Naga Banda (suzannita.wordpress.com) |
Pada beberapa waktu yang lalu, masyarakat Ubud dan
sekitarnya kembali disuguhi sebuah pentas ritual akbar pelebon di Puri Ubud. Seperti biasanya, pelebon bangsawan Ubud ini
selalu berlangsung megah, mewah dan meriah. Kemegahan dan kemewahan ditunjukkan
dengan penggunaan bade (menara pengusung jenazah) yang menjulang serta boneka
raksasa berbentuk naga yang disebut naga banda. Prosesi yang biasa menarik
perhatian orang tak hanya arakan pengusung bade, tetapi juga prosesi memanah
naga banda yang dilakukan pendeta. Mengapa pelebon
bangsawan Bali menggunakan naga banda?
Naga banda dalam pelebon
merupakan tradisi yang lahir pada zaman Gelgel, sekitar abad ke-15. Sejarah
lahirnya tradisi penggunaan naga banda
ini pun tergolong unik. Seperti kerap disebut dalam sumber-sumber babad, penggunaan Naga Banda itu bermula dari kisah Raja Gelgel sekitar abad ke-15,
Dhalem Waturenggong yang menguji Dang Hyang Astapaka.

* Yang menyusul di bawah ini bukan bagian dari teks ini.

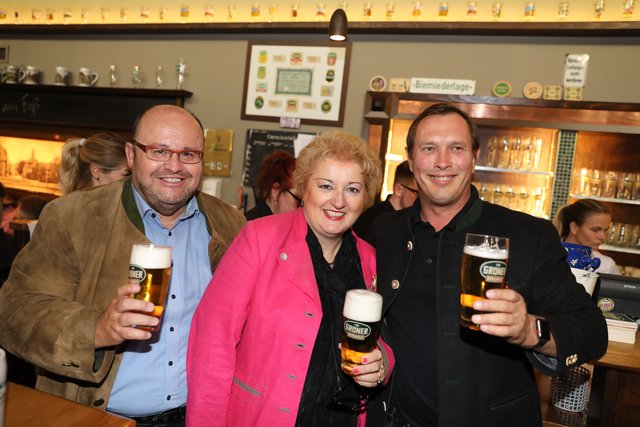 (v.l.) ReHa-Unternehmer Thomas Blösel, Mdl Petra Guttenberger und Brauhaus-Wirt Michael ,,Urmel" Urban. | Foto: Udo Dreier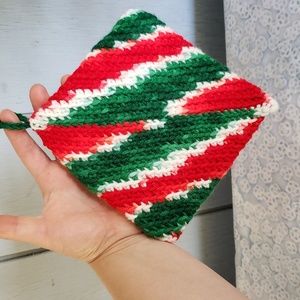 2 Crochet Pot Holders Festive Christmas Navidad December Green Red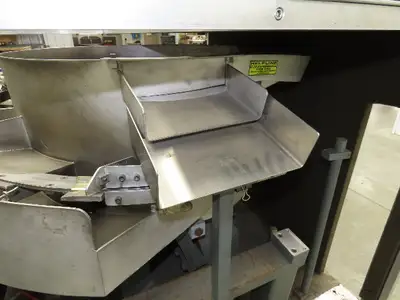 Service Engineering Vibratory Bowl Feeder 27CCW 27" Base Small Parts Sorter 120V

Dang Hyang Astapaka merupakan putra Dang Hyang
Angsoka, kemenakan Dang Hyang Nirartha (Dang Hyang Dwijendra). Pendeta ini
sangat dikenal di Jawa dan disebut-sebut bisa mengetahui apa yang akan terjadi
di kemudian hari atau bisa melihat sesuatu yang tidak tampak oleh orang awam.

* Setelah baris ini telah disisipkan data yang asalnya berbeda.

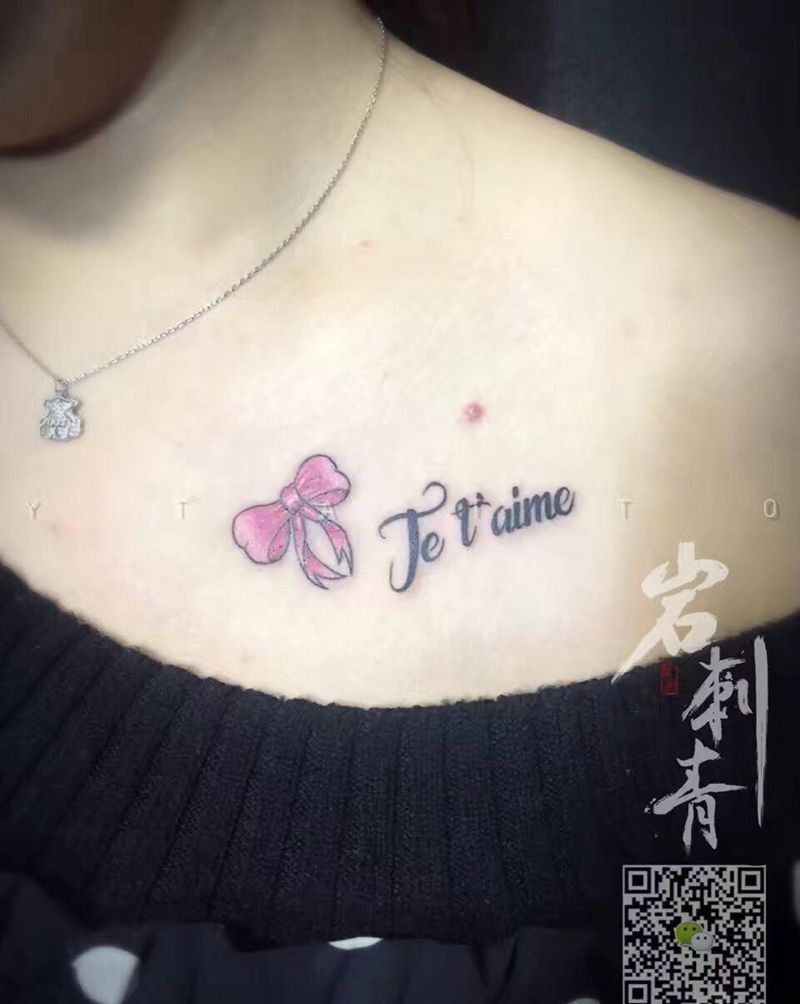 蝴蝶结字母纹身图片_成品胸部清新字符静物纹身图案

Orang Bali menyebut kemampuan itu sebagai dura
darsana atau betel tingal.
Dhalem Waturenggong mendengar kabar tersebut. Sang
Raja pun mengundang Dang Hyang Astapaka untuk datang ke Bali. Kebetulan saat
itu Dhalem Waturenggong tengah melangsungkan upacara maligya (upacara penyucian roh).
Dang Hyang Astapaka mau datang ke Bali. Selain
memenuhi undangan Dhalem Waturenggong juga untuk menjenguk pamannya, Dang Hyang
Dwijendra yang sudah lama di Bali.
Dhalem Waturenggong penasaran dengan cerita soal
kemampuan Dang Hyang Astapaka mengetahui apa yang akan terjadi. Dhalem
Waturenggong pun menguji kesaktian Dang Hyang Astapaka. Sang Raja memerintahkan
pembantunya untuk membuat sumur yang diberi penutup. Sebelum Dang Hyang
Astapaka tiba, Raja memerintahkan agar ke dalam sumur itu dilemparkan seekor
angsa dan sumur itu ditutup. Bila angsa itu bersuara, maka akibat gema pantulan
dinding lubang, suaranya terdengar dahsyat dan jauh sekali berbeda dengan suara
aslinya. Terlebih lagi bila didengar dari jarak agak jauh.
Tatkala Dang Hyang Astapaka tiba dan duduk di
hadapan Raja, terdengar suara gemuruh dari dalam sumur tersebut. Dhalem
Waturenggong pun bertanya kepada Dang Hyang Astapaka, apa gerangan suara
gemuruh yang keluar dari sumur tersebut.
Naga Banda (www.flickr.com) |
Dang Hyang Astapaka menjawab, “Itu suara naga,
Baginda.” Mendengar jawaban Dang Hyang Astapaka, raja dan semua yang hadir di
tempat itu pun tertawa karena yakin bahwa angsalah yang dimasukkan ke dalam
sumur. Sebaliknya Dang Hyang Astapaka bersikukuh bahwa itu adalah suara naga.
Untuk meyakinkan Dang Hyang Astapaka, Dhalem
Waturenggong memerintahkan untuk membuka penutup sumur. Baru dibuka, ternyata
yang keluar adalah seekor naga. Naga tersebut kemudian menghampiri Dang Hyang
Astapaka dan melingkat di atas pangkuannya.
Dhalem Waturenggong dan semua yang hadir sontak
terperanjat dan ketakutan. Raja pun menanyakan apa makna semua itu. Dang Hyang
astapaka lalu menjelaskan bahwa naga itu adalah naga banda yang akan menjadi
kendaraan Raja menuju alam baka.
Saat Dhalem Waturenggong wafat, dibuatkanlah naga
banda yang mengiringi jenazah sang Raja menuju alam sunya. Sejak saat itulah,
upacara pelebon Raja Gelgel dan keturunannya menggunakan naga banda. Selain
Raja, Pedanda Budha juga “berhak” menggunakan Naga Banda. Keluarga bangsawan yang
mendapat anugerah dari Raja Gelgel pun diberi “hak” menggunakan Naga Banda.